Day 111
Good grammar!
…
This is the sort that doesn’t leave the beta readers saying Good Grief! over and over.
But…
There is writing the way people sometimes speak, which is hard, good grammar, and the way it should be written. Especially in historical fiction, I find that the lower classes in the 1700s and 1800s were literate enough to speak properly, after a fashion, when employed as servants and lesser staff, but the question would be as to what education level they reached.
Of course, it is a matter of deciding whether these characters will speak as they would have at the time, or in a manner the reader can understand.
Other than that, good writing is literate and understandable, with no overuse of adjectives that the common reader will not understand, and there should not be obscure similies and sayings, an order I sometimes forget to tell myself.
Perhaps it is an idea to keep several grammar references on the desk just in case you start having fights with the grammar checker, which I do from time to time.
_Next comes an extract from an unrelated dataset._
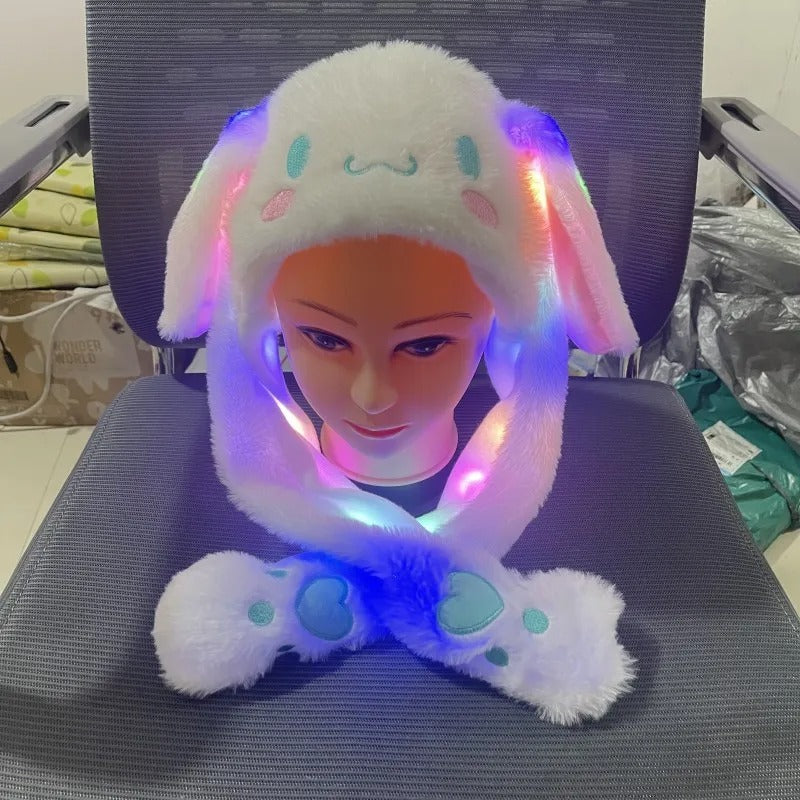 Bunny Hat With Press Paw-to-Move Ears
It doesn’t recognise the speech that I use, which is basically common knowledge, but not built into the grammar checker.
Grammar checkers are like artificial intelligence; it is only as good as the person who programs it and gives it its grammar examples.
When running it across a 500-page document, and its eccentricities start flaring, it gets a little annoying, particularly when you can’t turn it off. Still, it picked up quite a few errors that
I didn’t, and I guess that left me a little miffed.